Israel’s apologists have recently begun complaining about a so-called ‘delegitimisation’ drive (a variation of the tired ‘anti-semite’ smear). But Israel is isolating itself: when the ambassador to the USA can boldly defy anyone – including the UN – to "dictate our borders", then the only way Israel is being ‘singled out’ is in its ability to flout international norms with impunity.
But what can we do about the situation? There is a need for education and political lobbying. Most importantly, there is the growing BDS movement (Boycott Divestment Sanctions), an international campaign of ordinary citizens – students, trade unionists, academics, artists, the faith community – that seeks to pressure Israel to comply with basic standards of international law and realise fundamental Palestinian rights.
Boycott is an invaluable tool in the Palestinian struggle for dignity and equality, and a tactic with a long history in campaigns for justice. It is simple and effective.
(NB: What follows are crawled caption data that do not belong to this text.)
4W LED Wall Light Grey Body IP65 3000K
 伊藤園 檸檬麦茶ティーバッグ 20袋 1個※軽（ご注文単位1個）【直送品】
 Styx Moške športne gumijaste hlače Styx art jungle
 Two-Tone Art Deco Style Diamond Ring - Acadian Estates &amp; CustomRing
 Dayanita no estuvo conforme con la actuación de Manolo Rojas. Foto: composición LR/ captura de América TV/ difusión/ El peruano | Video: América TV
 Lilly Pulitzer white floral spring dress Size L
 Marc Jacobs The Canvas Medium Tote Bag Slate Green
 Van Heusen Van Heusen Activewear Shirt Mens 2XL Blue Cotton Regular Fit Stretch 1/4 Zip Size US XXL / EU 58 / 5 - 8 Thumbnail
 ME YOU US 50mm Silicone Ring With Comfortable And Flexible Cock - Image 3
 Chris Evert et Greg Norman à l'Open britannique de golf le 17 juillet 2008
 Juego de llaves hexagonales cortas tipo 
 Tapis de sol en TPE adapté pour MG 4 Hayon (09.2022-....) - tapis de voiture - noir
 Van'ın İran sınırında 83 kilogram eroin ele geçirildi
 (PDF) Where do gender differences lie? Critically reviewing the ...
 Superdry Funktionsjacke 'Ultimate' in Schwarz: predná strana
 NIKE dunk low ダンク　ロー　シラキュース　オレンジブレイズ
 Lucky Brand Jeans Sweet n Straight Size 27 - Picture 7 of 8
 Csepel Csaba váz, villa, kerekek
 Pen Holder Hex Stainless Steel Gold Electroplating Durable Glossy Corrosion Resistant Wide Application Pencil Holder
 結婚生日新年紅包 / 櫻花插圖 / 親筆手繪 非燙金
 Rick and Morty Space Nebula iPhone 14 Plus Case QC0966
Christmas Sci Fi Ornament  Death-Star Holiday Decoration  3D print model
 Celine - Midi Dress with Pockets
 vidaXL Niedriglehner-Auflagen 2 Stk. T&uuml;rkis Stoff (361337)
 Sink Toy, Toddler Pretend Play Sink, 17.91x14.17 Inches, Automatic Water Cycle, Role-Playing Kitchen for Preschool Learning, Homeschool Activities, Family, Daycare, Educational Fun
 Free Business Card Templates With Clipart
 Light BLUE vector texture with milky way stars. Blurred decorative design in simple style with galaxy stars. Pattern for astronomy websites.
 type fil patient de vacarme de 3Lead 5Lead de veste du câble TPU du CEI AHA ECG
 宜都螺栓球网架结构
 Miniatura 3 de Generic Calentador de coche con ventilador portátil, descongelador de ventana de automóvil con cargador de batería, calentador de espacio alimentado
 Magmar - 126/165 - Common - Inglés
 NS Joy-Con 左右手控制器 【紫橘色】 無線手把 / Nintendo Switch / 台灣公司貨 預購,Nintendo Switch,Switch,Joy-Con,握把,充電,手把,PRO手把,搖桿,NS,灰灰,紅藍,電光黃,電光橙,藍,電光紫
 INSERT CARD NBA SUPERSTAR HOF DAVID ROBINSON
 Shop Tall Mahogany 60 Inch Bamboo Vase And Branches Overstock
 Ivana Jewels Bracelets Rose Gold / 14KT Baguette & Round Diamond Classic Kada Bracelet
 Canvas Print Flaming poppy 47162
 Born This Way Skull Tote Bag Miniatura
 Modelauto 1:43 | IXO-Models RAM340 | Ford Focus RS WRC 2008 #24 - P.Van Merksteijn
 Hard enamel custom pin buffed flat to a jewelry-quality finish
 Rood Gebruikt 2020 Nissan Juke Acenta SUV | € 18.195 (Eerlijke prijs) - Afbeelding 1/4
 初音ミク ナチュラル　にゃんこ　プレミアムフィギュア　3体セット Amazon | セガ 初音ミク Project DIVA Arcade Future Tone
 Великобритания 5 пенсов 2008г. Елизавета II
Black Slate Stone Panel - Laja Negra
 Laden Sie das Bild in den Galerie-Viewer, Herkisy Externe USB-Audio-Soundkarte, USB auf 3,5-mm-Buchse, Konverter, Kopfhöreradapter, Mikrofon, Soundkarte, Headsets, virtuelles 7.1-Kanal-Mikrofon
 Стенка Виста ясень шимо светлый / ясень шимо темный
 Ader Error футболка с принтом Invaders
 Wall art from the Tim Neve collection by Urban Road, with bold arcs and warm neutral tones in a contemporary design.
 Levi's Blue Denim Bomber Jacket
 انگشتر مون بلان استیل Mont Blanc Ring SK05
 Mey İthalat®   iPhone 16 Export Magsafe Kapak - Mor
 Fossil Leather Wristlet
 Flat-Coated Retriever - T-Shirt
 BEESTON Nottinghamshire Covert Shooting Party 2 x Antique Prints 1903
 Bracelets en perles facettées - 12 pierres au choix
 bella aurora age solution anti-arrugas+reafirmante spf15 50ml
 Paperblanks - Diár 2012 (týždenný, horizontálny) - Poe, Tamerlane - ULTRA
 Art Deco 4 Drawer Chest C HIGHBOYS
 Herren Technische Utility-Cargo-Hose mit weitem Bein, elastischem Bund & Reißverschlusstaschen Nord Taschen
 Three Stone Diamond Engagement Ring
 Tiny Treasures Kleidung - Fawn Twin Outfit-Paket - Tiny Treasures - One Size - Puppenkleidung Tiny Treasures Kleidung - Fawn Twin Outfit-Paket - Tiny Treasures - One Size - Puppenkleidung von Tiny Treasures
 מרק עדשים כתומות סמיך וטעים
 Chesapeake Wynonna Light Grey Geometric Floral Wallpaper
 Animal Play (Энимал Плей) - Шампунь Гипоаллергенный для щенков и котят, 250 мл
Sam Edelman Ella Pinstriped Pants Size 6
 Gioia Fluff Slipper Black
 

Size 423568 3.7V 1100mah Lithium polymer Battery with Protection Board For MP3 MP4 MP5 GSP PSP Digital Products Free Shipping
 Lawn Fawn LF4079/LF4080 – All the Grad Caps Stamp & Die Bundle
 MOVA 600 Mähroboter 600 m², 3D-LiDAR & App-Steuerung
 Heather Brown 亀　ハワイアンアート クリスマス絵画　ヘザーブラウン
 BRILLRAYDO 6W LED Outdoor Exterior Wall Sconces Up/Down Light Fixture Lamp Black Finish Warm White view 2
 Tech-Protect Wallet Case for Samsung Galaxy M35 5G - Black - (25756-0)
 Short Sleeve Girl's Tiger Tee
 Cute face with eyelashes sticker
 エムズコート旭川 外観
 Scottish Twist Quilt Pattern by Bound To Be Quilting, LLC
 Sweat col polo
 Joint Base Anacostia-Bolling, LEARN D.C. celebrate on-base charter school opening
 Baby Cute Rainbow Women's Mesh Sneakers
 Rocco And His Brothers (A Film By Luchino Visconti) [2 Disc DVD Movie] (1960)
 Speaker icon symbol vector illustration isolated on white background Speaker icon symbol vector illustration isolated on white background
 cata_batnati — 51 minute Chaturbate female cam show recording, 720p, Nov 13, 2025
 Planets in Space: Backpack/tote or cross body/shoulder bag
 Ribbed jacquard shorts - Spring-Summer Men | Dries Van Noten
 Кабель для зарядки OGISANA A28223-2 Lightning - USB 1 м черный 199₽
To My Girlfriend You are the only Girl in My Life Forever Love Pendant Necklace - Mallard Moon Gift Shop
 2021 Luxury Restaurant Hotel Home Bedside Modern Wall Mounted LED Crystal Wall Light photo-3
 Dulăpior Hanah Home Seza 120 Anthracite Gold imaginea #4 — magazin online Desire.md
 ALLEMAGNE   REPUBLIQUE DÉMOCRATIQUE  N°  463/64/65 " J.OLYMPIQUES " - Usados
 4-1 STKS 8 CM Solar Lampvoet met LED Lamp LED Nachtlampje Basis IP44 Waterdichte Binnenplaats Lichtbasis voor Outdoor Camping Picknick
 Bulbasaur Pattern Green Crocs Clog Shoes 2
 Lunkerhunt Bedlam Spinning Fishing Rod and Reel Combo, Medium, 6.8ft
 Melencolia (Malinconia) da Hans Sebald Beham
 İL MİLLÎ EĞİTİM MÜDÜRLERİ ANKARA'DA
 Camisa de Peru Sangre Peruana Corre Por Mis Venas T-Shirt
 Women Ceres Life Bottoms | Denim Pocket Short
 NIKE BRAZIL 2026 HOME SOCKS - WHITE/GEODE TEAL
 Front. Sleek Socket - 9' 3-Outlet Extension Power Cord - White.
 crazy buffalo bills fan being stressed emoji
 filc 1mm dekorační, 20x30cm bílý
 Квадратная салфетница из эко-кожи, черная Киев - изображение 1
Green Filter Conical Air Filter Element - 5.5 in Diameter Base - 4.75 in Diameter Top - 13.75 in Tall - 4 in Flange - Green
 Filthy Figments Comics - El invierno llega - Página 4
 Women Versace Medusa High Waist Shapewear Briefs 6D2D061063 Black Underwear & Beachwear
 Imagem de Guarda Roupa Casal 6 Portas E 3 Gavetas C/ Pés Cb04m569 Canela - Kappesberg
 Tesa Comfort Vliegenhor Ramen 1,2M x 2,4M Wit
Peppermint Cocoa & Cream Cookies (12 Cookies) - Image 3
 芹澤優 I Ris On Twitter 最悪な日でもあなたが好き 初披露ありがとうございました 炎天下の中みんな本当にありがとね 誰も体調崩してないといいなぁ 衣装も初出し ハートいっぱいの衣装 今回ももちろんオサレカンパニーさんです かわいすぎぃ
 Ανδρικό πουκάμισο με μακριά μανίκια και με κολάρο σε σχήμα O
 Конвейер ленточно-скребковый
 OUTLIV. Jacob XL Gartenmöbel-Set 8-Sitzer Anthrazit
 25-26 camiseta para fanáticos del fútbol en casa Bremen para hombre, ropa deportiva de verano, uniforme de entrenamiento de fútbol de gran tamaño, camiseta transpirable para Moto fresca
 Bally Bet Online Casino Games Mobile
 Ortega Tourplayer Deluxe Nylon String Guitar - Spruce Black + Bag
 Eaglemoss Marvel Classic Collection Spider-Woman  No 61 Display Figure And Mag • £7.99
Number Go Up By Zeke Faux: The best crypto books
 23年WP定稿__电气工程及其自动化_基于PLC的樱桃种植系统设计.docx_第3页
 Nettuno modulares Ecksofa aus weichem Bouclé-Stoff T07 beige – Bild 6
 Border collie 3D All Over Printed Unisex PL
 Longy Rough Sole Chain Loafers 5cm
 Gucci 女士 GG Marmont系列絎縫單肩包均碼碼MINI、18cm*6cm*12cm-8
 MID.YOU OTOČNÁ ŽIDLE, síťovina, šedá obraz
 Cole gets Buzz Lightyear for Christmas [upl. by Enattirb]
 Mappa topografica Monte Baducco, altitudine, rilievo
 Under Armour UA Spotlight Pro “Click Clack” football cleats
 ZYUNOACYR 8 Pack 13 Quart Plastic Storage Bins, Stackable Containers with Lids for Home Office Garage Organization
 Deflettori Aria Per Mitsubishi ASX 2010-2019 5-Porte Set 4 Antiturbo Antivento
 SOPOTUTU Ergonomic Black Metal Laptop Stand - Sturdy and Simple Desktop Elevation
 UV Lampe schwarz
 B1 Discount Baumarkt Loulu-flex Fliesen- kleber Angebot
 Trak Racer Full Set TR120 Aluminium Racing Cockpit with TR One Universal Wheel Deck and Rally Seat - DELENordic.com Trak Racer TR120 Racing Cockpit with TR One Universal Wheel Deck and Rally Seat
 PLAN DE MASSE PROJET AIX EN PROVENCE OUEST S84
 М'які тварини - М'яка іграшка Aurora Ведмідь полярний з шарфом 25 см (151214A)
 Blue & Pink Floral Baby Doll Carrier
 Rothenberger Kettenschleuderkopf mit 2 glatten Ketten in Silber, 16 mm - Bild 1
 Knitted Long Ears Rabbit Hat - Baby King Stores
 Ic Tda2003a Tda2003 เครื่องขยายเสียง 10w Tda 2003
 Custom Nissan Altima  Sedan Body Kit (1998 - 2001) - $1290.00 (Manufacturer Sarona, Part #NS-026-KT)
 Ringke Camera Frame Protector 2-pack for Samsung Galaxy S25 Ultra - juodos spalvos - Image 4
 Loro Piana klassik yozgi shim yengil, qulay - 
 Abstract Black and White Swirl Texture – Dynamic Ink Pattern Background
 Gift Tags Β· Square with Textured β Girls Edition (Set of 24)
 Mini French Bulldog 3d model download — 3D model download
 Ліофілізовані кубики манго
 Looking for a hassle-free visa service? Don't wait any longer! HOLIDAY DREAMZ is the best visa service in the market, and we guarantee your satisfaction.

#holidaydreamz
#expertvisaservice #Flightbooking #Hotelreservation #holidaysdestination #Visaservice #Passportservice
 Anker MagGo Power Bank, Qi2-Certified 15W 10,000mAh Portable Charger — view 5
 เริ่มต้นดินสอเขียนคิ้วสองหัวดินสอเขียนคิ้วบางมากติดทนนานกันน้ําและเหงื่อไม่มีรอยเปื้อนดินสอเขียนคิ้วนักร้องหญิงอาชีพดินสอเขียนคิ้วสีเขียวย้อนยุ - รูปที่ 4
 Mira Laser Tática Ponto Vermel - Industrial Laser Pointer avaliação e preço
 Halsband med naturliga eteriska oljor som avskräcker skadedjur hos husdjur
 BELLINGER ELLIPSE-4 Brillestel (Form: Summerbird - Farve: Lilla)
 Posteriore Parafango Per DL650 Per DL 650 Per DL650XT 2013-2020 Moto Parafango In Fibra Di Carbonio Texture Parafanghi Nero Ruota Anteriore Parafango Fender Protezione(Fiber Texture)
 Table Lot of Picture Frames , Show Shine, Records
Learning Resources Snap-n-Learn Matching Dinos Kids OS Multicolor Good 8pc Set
It is a strategy, not an aim in and of itself. It is non-violent, and a response to the call from Palestinians under occupation for solidarity. BDS has emerged in the context of a vacuum of international accountability for Israel’s human rights violations.
Students can get involved with the global campaign for a just peace by connecting up with the Palestine Society. There is much potential for effective activism, including examining the question of the University’s complicity in Israel’s crimes, and working towards boycott and divestment.
A popular tactic by Israel’s defenders – particularly on campus – is to urge ‘dialogue’ and ‘moderation’, the same patronising words heard from preservers of the status quo in the segregated Deep South and apartheid South Africa. In 1963, Martin Luther King wrote from jail about the accusation being levelled by white ‘moderates’ that the civil rights movement was ‘creating tension’. King pointed out that activists were "not the creators of tension" but were bringing "to the surface the hidden tension that is already alive".
The call for boycott from Palestinians is supported by courageous, dissident Jewish Israelis, like the ‘Boycott from Within’ group and Israeli Committee Against House Demolitions. Internationally, groups like Jewish Voice for Peace in the US, and Jews for Justice for Palestinians and Jews for Boycotting Israeli Goods in the UK, show that there is no single Jewish community or viewpoint.
The real division is between those on the side of human rights and international law, and those invested in shoring up and excusing colonisation, dispossession and segregation. Israel’s apartheid policies are unsustainable and undermine the hopes of both Palestinians and Jewish Israelis to live in peace. There is another way, one of inclusion and equality, but it won’t be easy to realise this vision. Everyone can play a part.